Debbie November 10, 2020
This was excellent soup, like others I doubled all ingredients and cooked in my Instapot exactly to the recipe. Thank you so much - glad I found it!
tastysweet November 10, 2020
Debbie, what size instapot did you use? Did you have sputtering with the pressure as the author said one might?
Chandler March 22, 2020
This was amazing and super easy. I doubled the recipe and had plenty leftover to share with family.
I used diced canned tomatoes instead of whole, which made it easier to blend.
tastysweet December 21, 2019
Would love to see more videos with step by step visuals.
Marjorie W. November 17, 2019
Delicious! If you use fresh ginger watch out for the kick! My only complaint is that it's such a small recipe. I'm going to make again tomorrow to take to work lunches, but will double it.
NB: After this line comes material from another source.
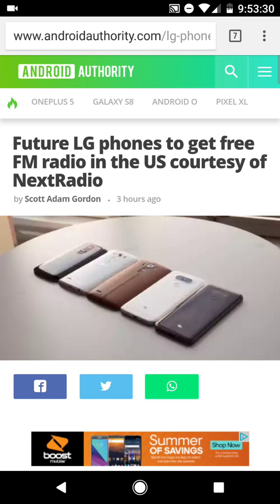What up YouTube? Sneed from Sneed Mobile Tech. I have something to report coming out of LG — it looks like what they want to do is release their models with activated FM radio chips in their devices. They're going to be working with a company called Next Radio to enable the feature here in the United States and make it available to users that have LG devices.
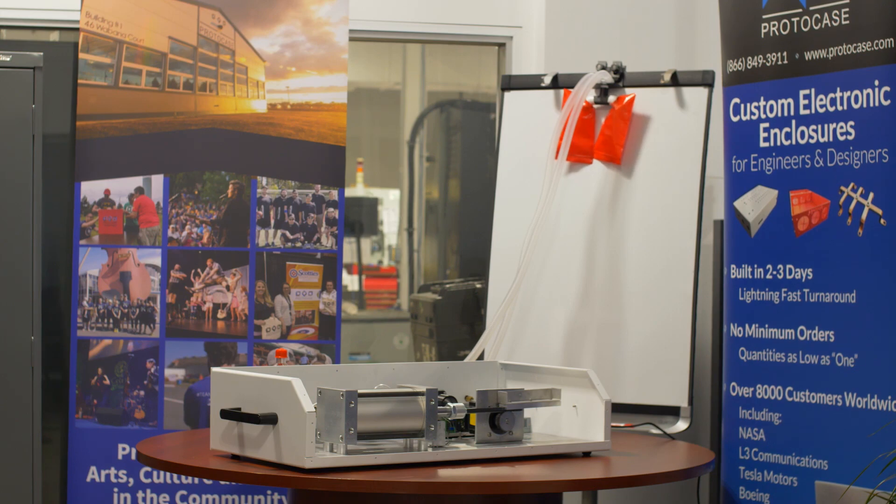I've got to stress, this is a community project, and it's not a Protocase project. Protocase has kind of been the host for it. It's very much a community project.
tenmiler September 29, 2019
No reason you can’t use your immersion blender right in the instant pot. Would prefer cloves of garlic to teaspoon measurements. And I don’t dice stuff that perfectly it is all going to be blended. Much easier!
OldGrayMare January 16, 2018
The ginger is listed twice. Should one of them be another ingredient? Can't wait to try this!
Eric K. December 3, 2018
Hi there! Yes, the recipe has been fixed. The extra "minced ginger" should have been "minced garlic."